Right, let’s get back to our opening ceremony instead of some philosophical discussion. In the middle of the ceremony, the Queen made his entrance with her video with Daniel Craig. It was quite cool to be introduced to the Buckingham palace with the two dogs. But of course, when the ‘Queen’ hopped off the helicopter, I had my housemates screaming because it was quite a traumatic scene if you do really think she was the Queen. For a moment, I thought I would believe it was Her Majesty, but I had learned somewhere that important royals like Her Majesty were normally tied down with several restrictions, especially dangerous activities – and hopping off a helicopter, to me, was considered to be one of them. Alas, that helicopter hopping was just a video and the pink gowned person who actually parachuted down the stadium was just a dummy. The entrance of Her Majesty was truly majestic and surprising instead of the usual ‘welcome blah blah’ and clapping. Next up was the playing of ‘Chariots of Fire’ by London Symphony Orchestra which was awesome and much more awesome when the camera showed us who had sneaked into the team. Sir Rowan Atkinson had finally found his role in entertaining the crowd with his Mr Bean acts which truly brought much entertainment.
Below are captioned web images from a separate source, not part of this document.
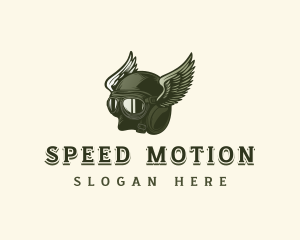 Motorcycle Helmet Wings logo design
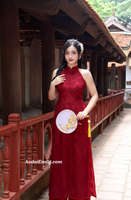 KARLA Red/Burgundy Sleeveless Lace Pre made ao dai flowers patterns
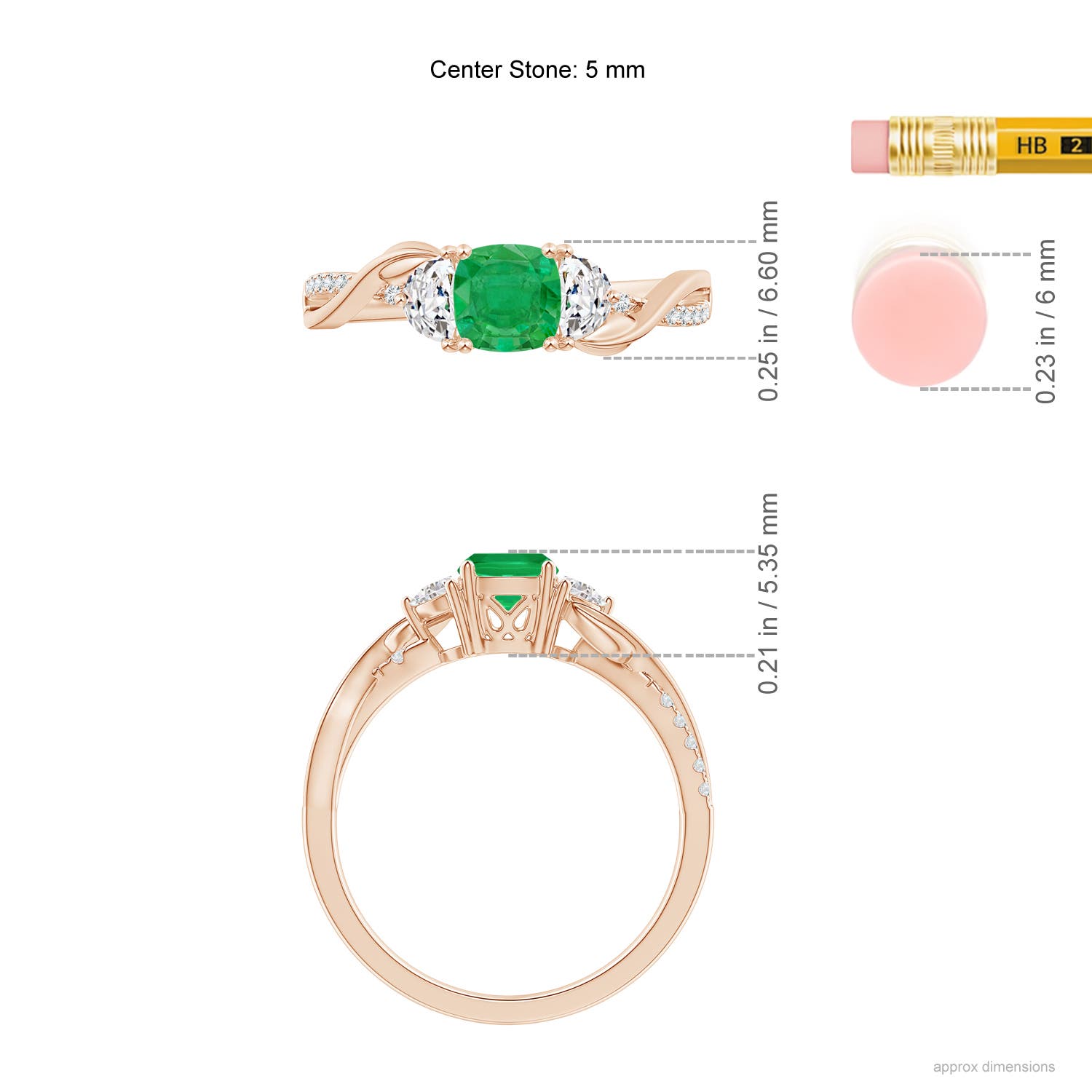 AA - Emerald / 1.07 CT / 14 KT Rose Gold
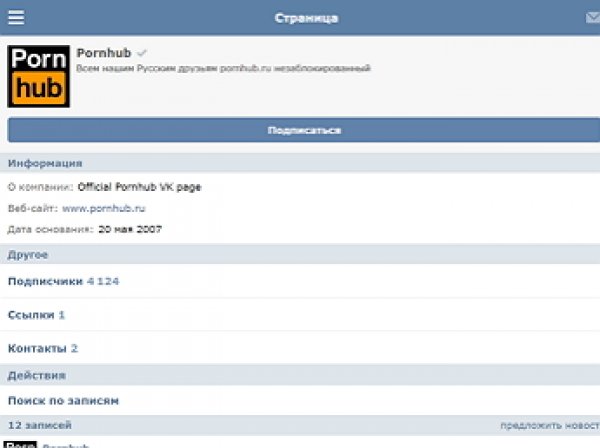 На сайте в «ВКонтакте» PornHub завел официальную страницу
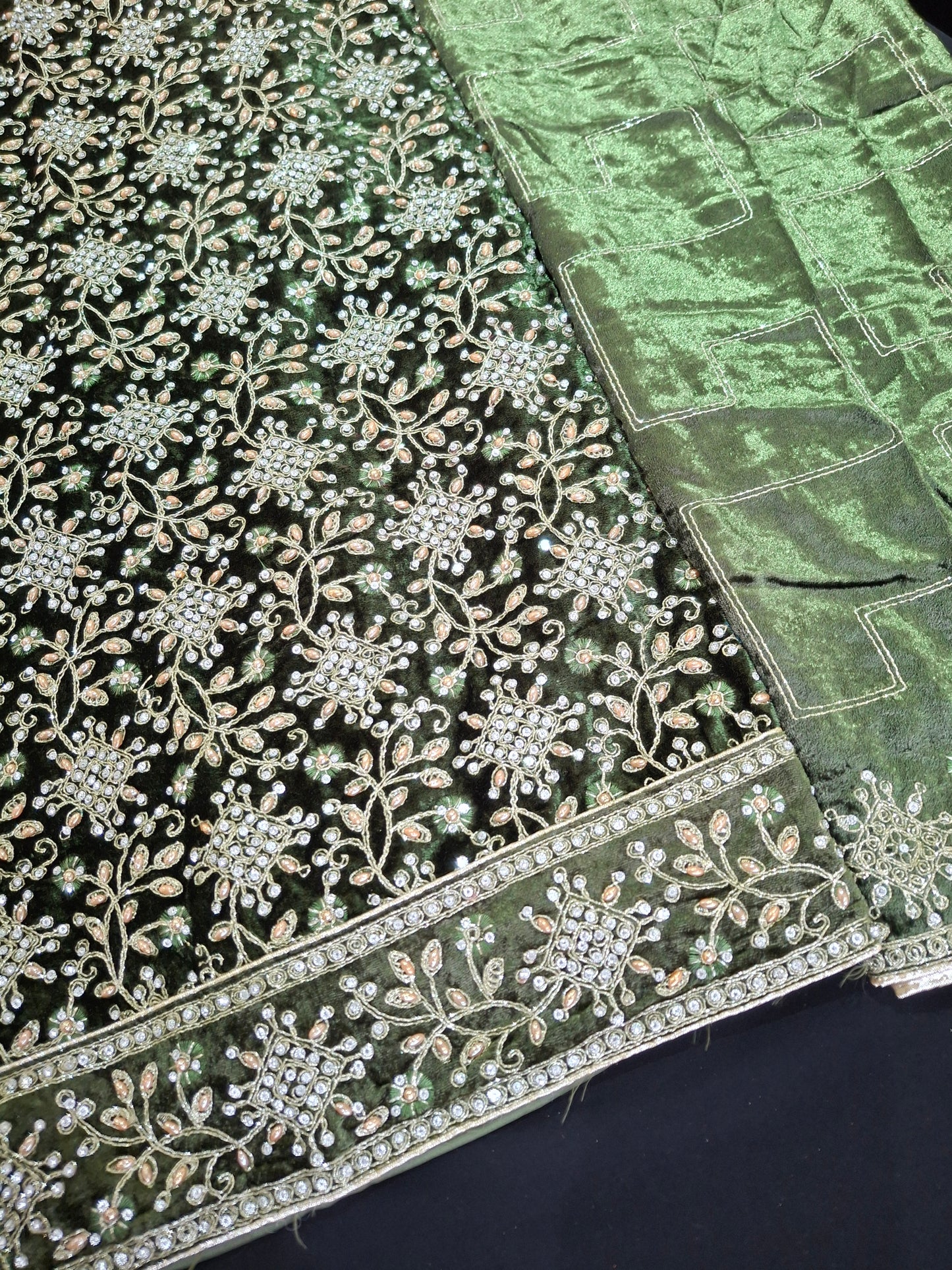 Velvet Embroidered Unstitched 3 Piece Suit Set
After everything, with the athletes in, the speeches started. The speech was about the usual encourages yet not as boring as usual. But the highlight was ‘When out time came, we did it right’. The ceremony continued with some milder entertainment after this, which made sense of why some comments were about the ‘Part Two problem’. However, I would like to congratulate Britain for putting up a splendid show that did not focus too much on fireworks like what people normally do and I like that!